What you are asked to do: Begin at the top of the records and copy each line exactly. The line containing "img 4 attached" is the last one to include.

:::::

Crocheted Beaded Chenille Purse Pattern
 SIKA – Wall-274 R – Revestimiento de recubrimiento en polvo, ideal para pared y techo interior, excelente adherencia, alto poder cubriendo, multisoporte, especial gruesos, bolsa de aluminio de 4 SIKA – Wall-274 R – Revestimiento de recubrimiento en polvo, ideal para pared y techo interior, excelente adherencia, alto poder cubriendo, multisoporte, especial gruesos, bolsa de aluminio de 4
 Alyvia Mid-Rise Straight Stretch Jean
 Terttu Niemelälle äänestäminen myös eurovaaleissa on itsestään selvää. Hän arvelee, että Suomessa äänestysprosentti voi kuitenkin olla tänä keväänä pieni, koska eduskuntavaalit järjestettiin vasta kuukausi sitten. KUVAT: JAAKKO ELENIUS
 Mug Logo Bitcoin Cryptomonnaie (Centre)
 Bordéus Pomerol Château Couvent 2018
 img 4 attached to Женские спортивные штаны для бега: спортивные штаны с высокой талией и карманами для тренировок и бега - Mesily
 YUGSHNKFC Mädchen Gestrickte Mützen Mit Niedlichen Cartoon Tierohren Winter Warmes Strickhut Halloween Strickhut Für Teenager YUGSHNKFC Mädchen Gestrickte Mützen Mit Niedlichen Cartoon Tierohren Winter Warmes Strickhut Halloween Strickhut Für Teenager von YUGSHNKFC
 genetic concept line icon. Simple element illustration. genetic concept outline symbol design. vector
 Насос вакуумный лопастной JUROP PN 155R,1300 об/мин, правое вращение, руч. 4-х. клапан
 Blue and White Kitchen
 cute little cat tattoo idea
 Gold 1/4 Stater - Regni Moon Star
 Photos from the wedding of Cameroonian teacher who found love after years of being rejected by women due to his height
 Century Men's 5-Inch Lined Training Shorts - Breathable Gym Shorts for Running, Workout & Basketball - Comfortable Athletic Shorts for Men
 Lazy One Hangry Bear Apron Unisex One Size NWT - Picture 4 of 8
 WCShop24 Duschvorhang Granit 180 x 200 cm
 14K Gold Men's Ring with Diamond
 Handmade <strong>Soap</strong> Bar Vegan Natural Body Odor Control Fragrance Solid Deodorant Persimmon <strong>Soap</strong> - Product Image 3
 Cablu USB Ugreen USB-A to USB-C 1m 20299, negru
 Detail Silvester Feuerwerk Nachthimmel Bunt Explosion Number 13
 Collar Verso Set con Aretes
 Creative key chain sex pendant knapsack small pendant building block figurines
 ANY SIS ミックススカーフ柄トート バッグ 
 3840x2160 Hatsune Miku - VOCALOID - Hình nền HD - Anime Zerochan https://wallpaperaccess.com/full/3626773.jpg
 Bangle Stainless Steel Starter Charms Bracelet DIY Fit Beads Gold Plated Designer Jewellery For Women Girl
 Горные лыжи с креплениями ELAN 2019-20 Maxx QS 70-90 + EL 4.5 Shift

:::::

Response:
Crocheted Beaded Chenille Purse Pattern
 SIKA – Wall-274 R – Revestimiento de recubrimiento en polvo, ideal para pared y techo interior, excelente adherencia, alto poder cubriendo, multisoporte, especial gruesos, bolsa de aluminio de 4 SIKA – Wall-274 R – Revestimiento de recubrimiento en polvo, ideal para pared y techo interior, excelente adherencia, alto poder cubriendo, multisoporte, especial gruesos, bolsa de aluminio de 4
 Alyvia Mid-Rise Straight Stretch Jean
 Terttu Niemelälle äänestäminen myös eurovaaleissa on itsestään selvää. Hän arvelee, että Suomessa äänestysprosentti voi kuitenkin olla tänä keväänä pieni, koska eduskuntavaalit järjestettiin vasta kuukausi sitten. KUVAT: JAAKKO ELENIUS
 Mug Logo Bitcoin Cryptomonnaie (Centre)
 Bordéus Pomerol Château Couvent 2018
 img 4 attached to Женские спортивные штаны для бега: спортивные штаны с высокой талией и карманами для тренировок и бега - Mesily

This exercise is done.